Was Zac another victim of that look-the-other-way policy?

Grieving for almost two years with no breakthroughs, the Brettlers decided that the police had given up on Zac’s case. After all, the surveillance video showed that he was alone on the balcony when he jumped. But the more they studied the scene, the more the Brettlers were convinced that Zac hadn’t jumped to end it all, but to escape — to live.

The autopsy suggested that Zac’s jaw may have been broken before the jump. Perhaps he was aiming for a wet landing in the Thames and misjudged the distance.

But now, the most obvious suspect, Indian Dave, was also gone. He died from a drug overdose — in a manner “very similar to how Russians would kill someone,” a criminal compatriot said — on the one-year anniversary of Zac’s death.

Karma had caught up with him, but he took his secrets to the grave. Indian Dave’s death satisfied the police that their job was done. Shamji, the only man who still knew the truth about their son’s death, was never charged, and seemed to be thriving as the head of a new company.

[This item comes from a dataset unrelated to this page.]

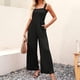 thumbnail image 4 of Mono Casual De Verano Trajes de mono para mujer Traje diario de color sólido de corte bajo sin espalda (Negro XL) Ygjytge para Mujer Negro T S, 4 of 7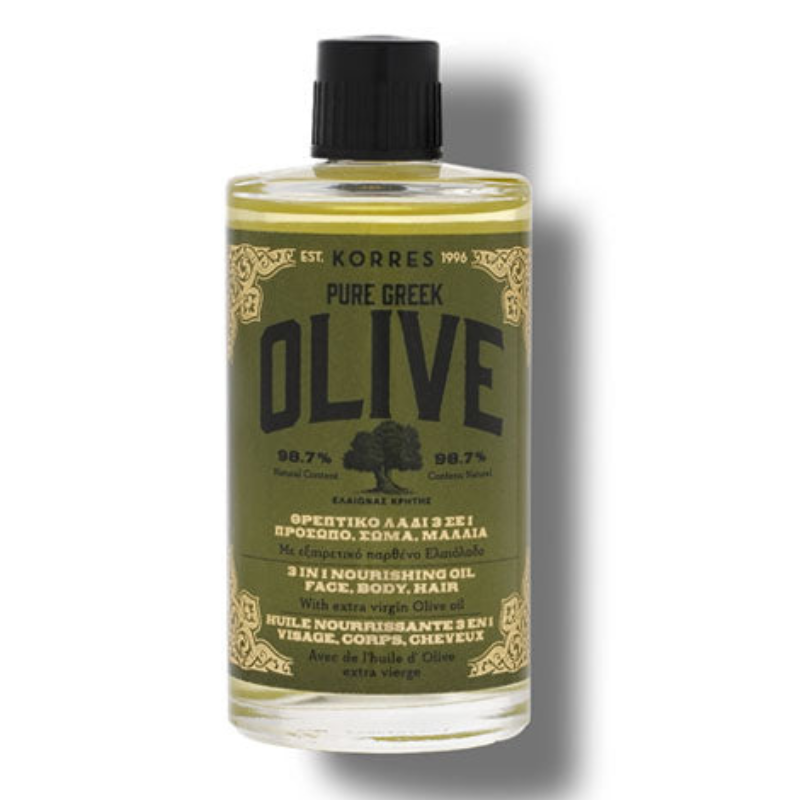 Korres Pure Greek Olive 3-In-1 Nourishing Oil is a versatile product for face, body, and hair, enriched with extra virgin olive oil. It's noted for its 98.7% natural content, offering nourishing benefits.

“One reason that it is so difficult to know precisely what happened at Riverwalk is that Zac was by no means the only impostor in the apartment that night,” Keefe writes. “Verinder Sharma was a leg-breaker posing as a benevolent mentor. Akbar Shamji was a dilettante posing as an accomplished entrepreneur. And Zac was just a London teenager, posing as the son of an oligarch. Each was pretending to be something he wasn’t, and each was caught up in the glitzy, mercenary aspirational culture of modern London. ‘It was three bulls–t artists, selling air,’ Rachelle said.”

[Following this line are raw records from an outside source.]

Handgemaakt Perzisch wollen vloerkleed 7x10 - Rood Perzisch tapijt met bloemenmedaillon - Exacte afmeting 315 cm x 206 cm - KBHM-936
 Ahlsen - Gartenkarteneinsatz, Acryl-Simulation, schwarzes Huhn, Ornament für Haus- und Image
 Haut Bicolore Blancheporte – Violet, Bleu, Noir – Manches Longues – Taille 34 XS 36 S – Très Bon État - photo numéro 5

Like “Serial” and other true crime stories, “London Falling” leaves many questions unanswered. What was Zac’s end game with Shamji and Sharma? Had these men really bought Zac’s story? If not, what did they want with him? Was Zac having sex with these men? Was Sharma murdered? Was Sharma a police informant and was the investigation botched to protect him? Those dangling questions may irk the reader, but they also connect us with the confusion, pain, disillusionment and anger experienced by Zac parents.

“I literally had a stomachache for months after he died,” Rachelle says. “Because you’re having to digest grief.”

Keefe comes closest to giving us closure towards the end of his investigation by contextualizing a key piece of evidence: a text message Shamji sent from the apartment before Zac’s death (a clue that the police maddeningly refused to pursue).

“I am not f–king playing,” Shamji wrote to his drug dealer. “I have just been heating up knives and clearing up blood.” Zac’s final Google search, typed less than half an hour before he jumped, was “what to do with skin burns.”

In 2025, a year after the New Yorker article was published, an underworld associate of Indian Dave reached out to Keefe to spell things out.

“Dave’s favorite thing was warming up the knife,” the gangster said. To inflict pain on a person who owes you money, he said, you heat up the blade of a knife so that it will “just melt into him.” The act is so theatrical and frightening, he said, that most of the time you don’t even need to cut anybody.

”You put it on the stove,” he said. “You toss it, you turn it. You make him see… Then you walk towards him with it. It scares you, doesn’t it?” This was Indian Dave’s “go-to method.”

Faced with that, who wouldn’t chance a jump into the Thames?